Record excerpts Block Start

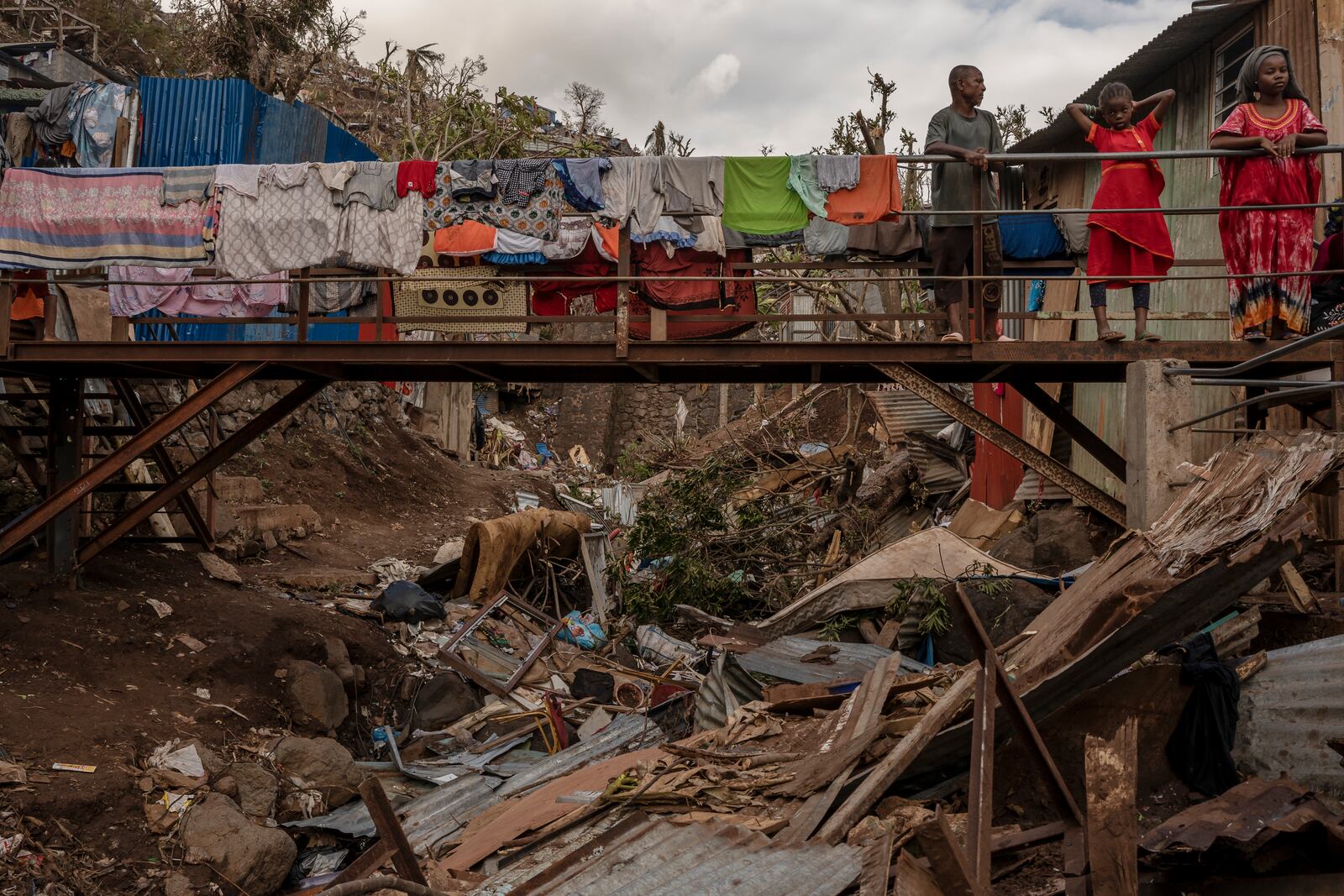 Debris litters a stream in the Kaweni slum in the French Indian Ocean island of Mayotte, Thursday, Dec. 19, 2024, after Cyclone Chido.. (AP Photo/Adrienne Surprenant))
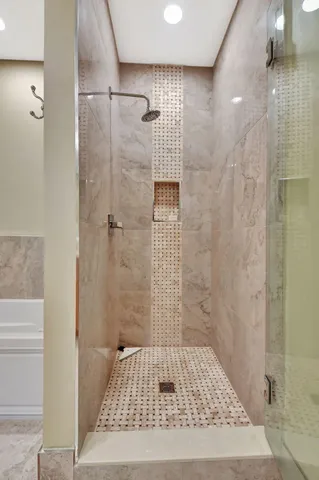 a view of a patio with couches table and chairs under an umbrella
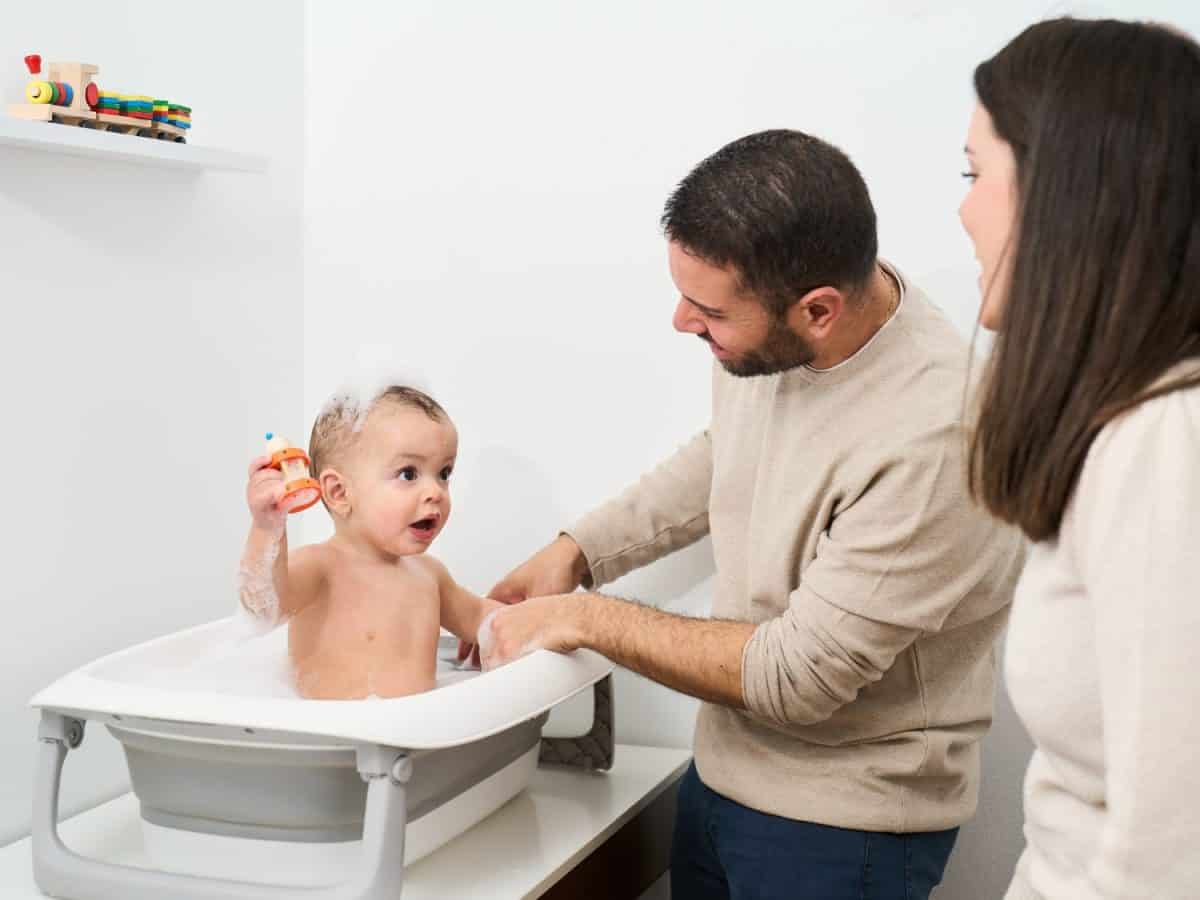 A man and a woman are helping a baby bathe. The baby is in a bathtub and the man is holding a toy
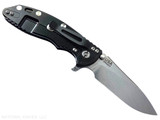 Rick Hinderer Knives XM-18 3.5" Slicer Hollow Grind folding knife with thumb stud and flipper tab - shown open lock side.  Stonewash 20CV stainless steel plain edge blade.  Black G-10 handle with Stonewash Black DLC lock side.  Model KXM35SLDLC.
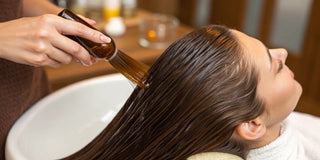 Professional keratin treatment being applied for smooth, shiny, and frizz-free hair.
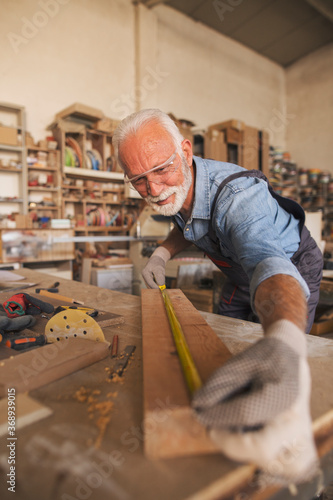 Cheerful male carpenter working with wood in his workshop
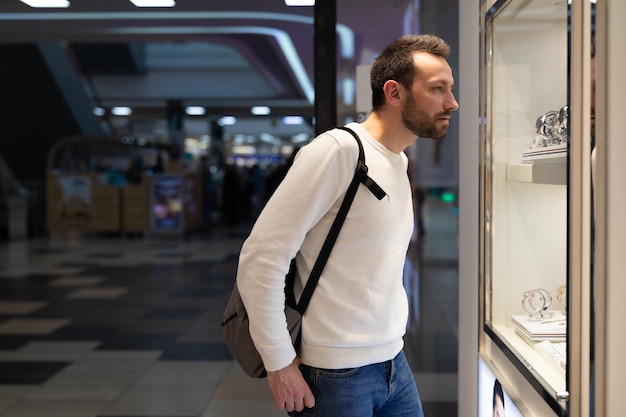 Photo of an adult doubtful thoughtful thinking handsome brunette man in a white sweatshirt and with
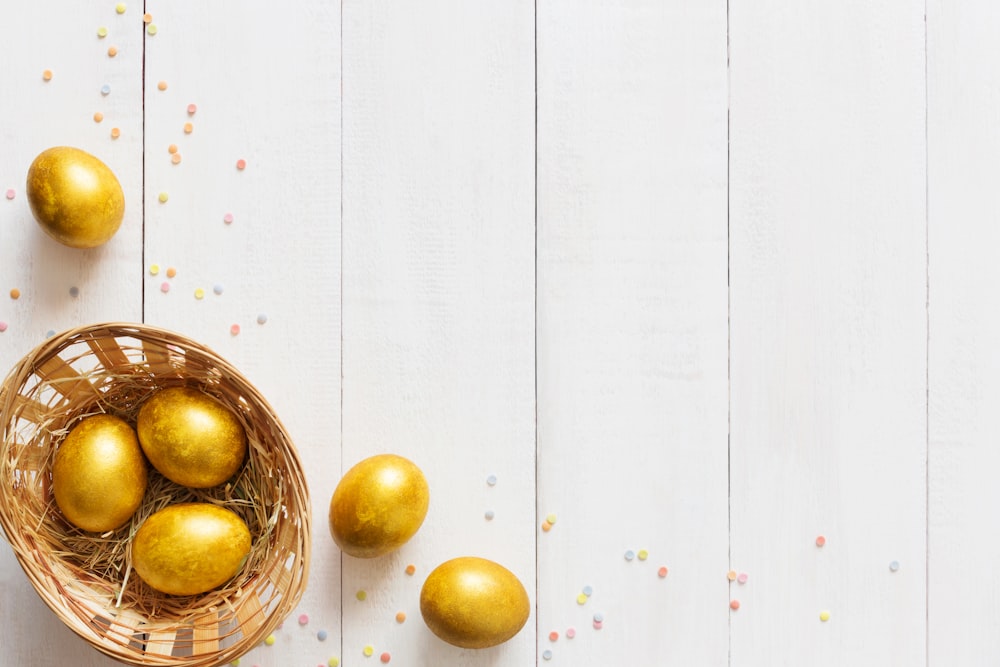 a basket filled with golden eggs on top of a white table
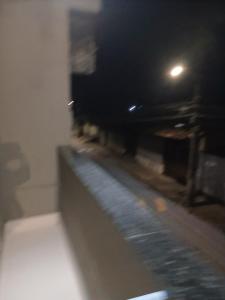 a blurry picture of a street at night at Kiko Schettino in Angra dos Reis +2 photos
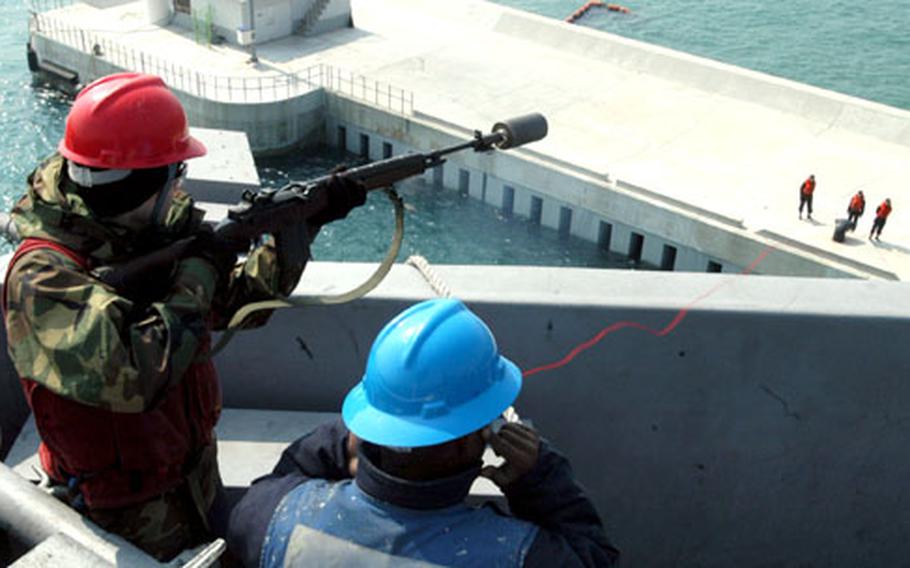 Petty Officer 2nd Class Joshua McNett uses a modified M-14 rifle with a throwing attachment to fire a guideline to moorings at the port in Busan, South Korea.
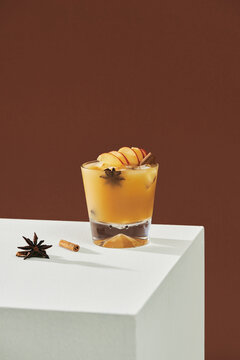 Fruit Alcohol Cocktail With Apple And Cinnamon Stick Isolated On Table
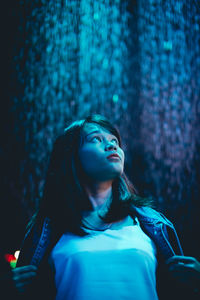 Woman looking away against illuminated waterfall at night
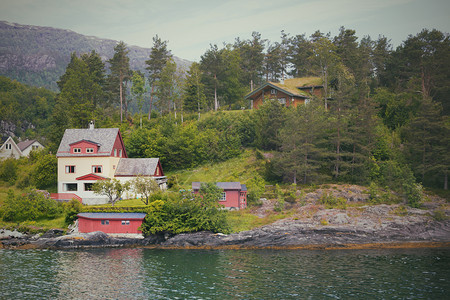 传统的挪威木制房屋站在湖边和山的偏远北图片
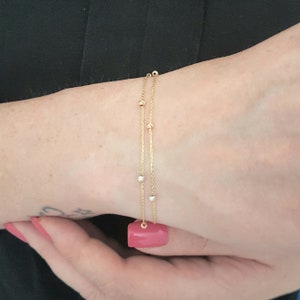 May include: A delicate gold bracelet with two strands, adorned with small, evenly spaced beads. The bracelet features a mix of gold, rose gold, and silver-toned beads. The jewelry is displayed on a wrist.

Record excerpts Block End

The task
Begin at the line containing "a basket filled" and extract every line through the end of the records, inclusive, exactly and only; omit pictures.

Final answer
 a basket filled with golden eggs on top of a white table
 a blurry picture of a street at night at Kiko Schettino in Angra dos Reis +2 photos
 Petty Officer 2nd Class Joshua McNett uses a modified M-14 rifle with a throwing attachment to fire a guideline to moorings at the port in Busan, South Korea.
 Fruit Alcohol Cocktail With Apple And Cinnamon Stick Isolated On Table
 Woman looking away against illuminated waterfall at night
 传统的挪威木制房屋站在湖边和山的偏远北图片
 May include: A delicate gold bracelet with two strands, adorned with small, evenly spaced beads. The bracelet features a mix of gold, rose gold, and silver-toned beads. The jewelry is displayed on a wrist.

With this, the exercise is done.